Complete Scots in the USA and Canada, 1825-1875. Part Two; By David Dobson; iv + 103 pp; Paperback; Published: 2001; Reprinted: 2004; ISBN: 9780806351179; Item # CF9810D
It is difficult to estimate with complete accuracy the number of Scots who came to this continent after 1825 because some Irish and Continental emigrants sailed from Scottish ports while some Scots departed via England or Ireland. We do know, however, that between 1825 and 1838 over 60,000 emigrants left Scotland bound for North America; from 1840 to 1853, nearly 30,000 emigrated there; and in 1881 alone, 38,000 left for the United States and 3,000 left for Canada, mostly via Greenock. The majority of these emigrants were skilled, educated workers from urban industrial backgrounds whose expertise was in great demand in the rapidly industrializing cities of North America. David Dobson, who is perhaps best known for his many volumes pertaining to Scottish immigration to America during the colonial and early federal periods, here builds on Part One of Scots in the USA and Canada, 1825-1875 with brief sketches of 1,100 additional Scottish men and women and their families who were part of this great exodus (see also Part Three, Part Four, and Part Five of this series).

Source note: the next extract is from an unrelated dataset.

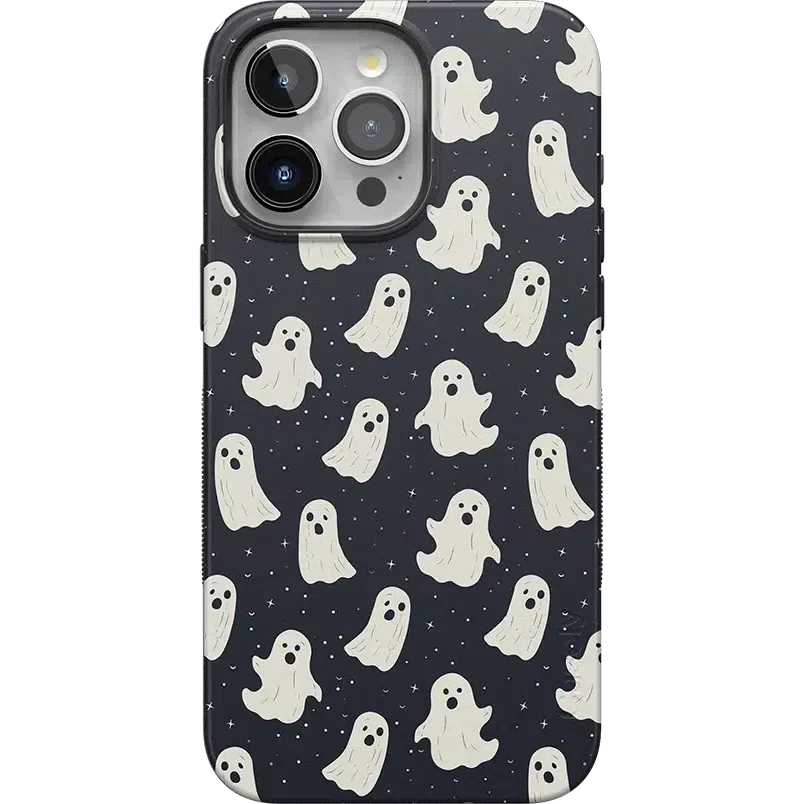 All Boos No Bite | Friendly Ghost Case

For the most part, Dobson's findings come from Scottish newspapers like the Aberdeen Journal, Fife Advertiser, Scottish Guardian, etc. as well as from a handful of documents in the National Archives of Scotland. The Scottish expatriates identified by the compiler are arranged alphabetically and invariably give, besides the individual's full name, place of residence (country, state/province, or city), an identifying date and the source of the information. In addition, many of the entries indicate the individual's date of birth, father's name and occupation or place of residence, spouse, or the name of the vessel upon which he or she arrived. Part Two of Scots in the USA and Canada, 1825-1875, thanks to Mr. Dobson, brings to 3,000 the number of Scottish emigrants to North America during the middle of the nineteenth century whose identities would otherwise be lost to history.